La France tente de rattraper son retard malgré le cadre législatif très strict. En septembre 2018, les régies publicitaires de TF1, France Télévisions et M6 ont instauré une interface commune dans l’objectif de simplifier l’achat d’audiences ciblée sur le marché de la publicité automatisée dans la vidéo, un secteur en plein boom.
Cette interface, baptisée Sygma, permet aux annonceurs et aux publicitaires d’acheter des cibles en fonction de leurs besoins pour une campagne publicitaire. Sygma vise ainsi un ciblage performant, la qualité des espaces pubs, la simplification du parcours d’achat et la protection des données mais ne se concentre que sur les plateformes digitales MyTF1, France.TV et 6play.
Au premier semestre 2018, le marché de la publicité programmatique en display a réalisé un chiffre d’affaires de 576 millions d’euros, selon l’Observatoire de l’ePub (en hausse de 50% sur un an).
Le directeur adjoint de M6 Publicité affirmait en novembre 2018 : « le ciblage data en IPTV est l’une de nos priorités 2019 », certain que « de plus en plus de projets de ciblage data entre opérateurs et chaînes de télévision vont avoir lieu ».
Il y a quelques mois, la députée LREM Aurore Bergé, dans un rapport, préconisait l’autorisation de la publicité segmentée et géolocalisée à la télévision, grâce aux données des FAI, dans le cadre d’une expérimentation sur 18 mois dans un premier temps.
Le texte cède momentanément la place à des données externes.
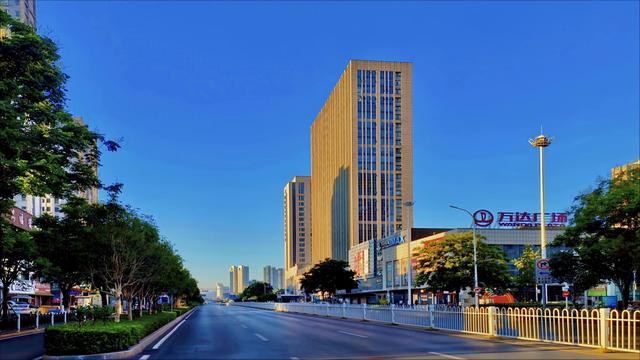 家门口的风景——万达广场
Selon le rapport, cette libéralisation du marché de la publicité segmentée en France permettrait aux annonceurs de doubler la valorisation de chaque espace publicitaire.
C’est bien là le point délicat du débat de la télévision programmatique : la collecte des données. Pour permettre le ciblage précis d’une publicité adressée et ainsi l’individualisation du message publicitaire, des chaînes ayant mis en place un système de log en télévision adressable (M6) ou d’abonnement (Canal+) sont sur la bonne voie grâce aux données comportementales et démographiques de leurs téléspectateurs. Ainsi, le prochain et principal grand enjeu dans le développement de la télévision programmatique réside incontestablement d’instaurer les discussions avec les FAI (fournisseurs d’accès à Internet) qui disposent d’informations précieuses et permettant ainsi d’enrichir la data IPTV.
En France, la télévision se dirige donc aujourd’hui vers la programmatique, qu’elle soit adressable, connectée ou linéaire. Notre modèle doit prendre exemple sur ses voisins européens mais aussi sur les Etats-Unis ou l’Australie dont le succès n’a jamais été démenti. Le marché traditionnel de la publicité en France est aujourd’hui obsolète et dépassé. On se dirige vers une nouvelle forme de publicité à la télévision : valoriser la qualité des contenus, créer de la valeur pour les acteurs du marché, permettre une meilleure performance des annonceurs tout en respectant les consommateurs et la protection de ses données.